Each element is a node with attributes, optional text, and children.
A recipe declares, per tag: the key (natural identity), whether the tag is inline (its children become pseudo-attributes instead of opening a new level), and which attributes to ignore.
The engine compares N sources simultaneously, matching nodes by identity (order-independent). Only differences end up in the result.

flowchart LR
  A[parse each file] --> B[index units by tag+key]
  B --> C{unit in ≥2 sources?}
  C -- no --> X[skip]
  C -- yes --> D[recursive diff per node]
  D --> F[render report]

Units and recursion¶

The recipe's unit (e.g. SMART_FOLDER) is the top comparison entity. For each unit present in 2 or more sources, the engine walks the tree recursively:

Scalar differences — attributes (and element text) that differ become rows.
Leaf / inline children (e.g. INCOND, OUTCOND, ON) are compared by their key; a row appears when one is added/removed or when one of its attributes changes (e.g. an OUTCOND keeps its NAME but flips SIGN).
Container children (e.g. JOB) open a new level and are rendered as sub-sections; identical ones are collapsed into a count.

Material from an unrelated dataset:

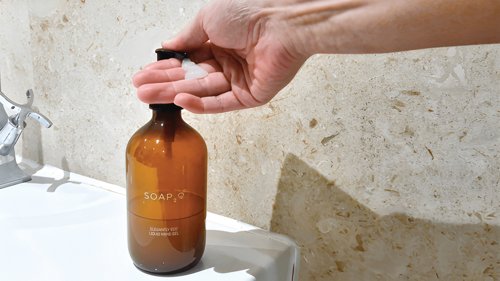 Soap2o Hair+Body Gel Empty Plastic Bottle 500ml S2OHB500G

Attribute-level, not just present/absent¶

Because elements are matched by identity, a change inside an element is shown as an attribute change, not as a delete + add:

Element · attribute	bench	uat	prod
INCOND `…STAGE-…LOAD_OK` · `AND_OR`	A	O	A
OUTCOND `…LOAD-…POST_OK` · `SIGN`	-	+	+

Volatile attributes are ignored¶

Attributes that change on every export without functional meaning — VERSION, CREATION_TIME, JOBISN, LAST_UPLOAD, … — are listed in the recipe's ignore_attrs and never produce a row. This is what makes the diff semantic instead of noisy.

What gets reported¶

The engine reports differences — every unit present in 2+ sources that isn't identical. It deliberately stays out of your domain: it does not classify those differences (e.g. "conflict" vs "informational"). If that distinction matters to your workflow, derive it yourself from the result — you know which file is which (the report labels each by its path).

Namespaces & text¶

XML namespaces are stripped on parse ({uri}tag → tag) so tags and keys stay readable and recipes stay simple. Element text is comparable too — e.g. a sitemap <url> is identified by its <loc> text and its <lastmod> text is compared as a value.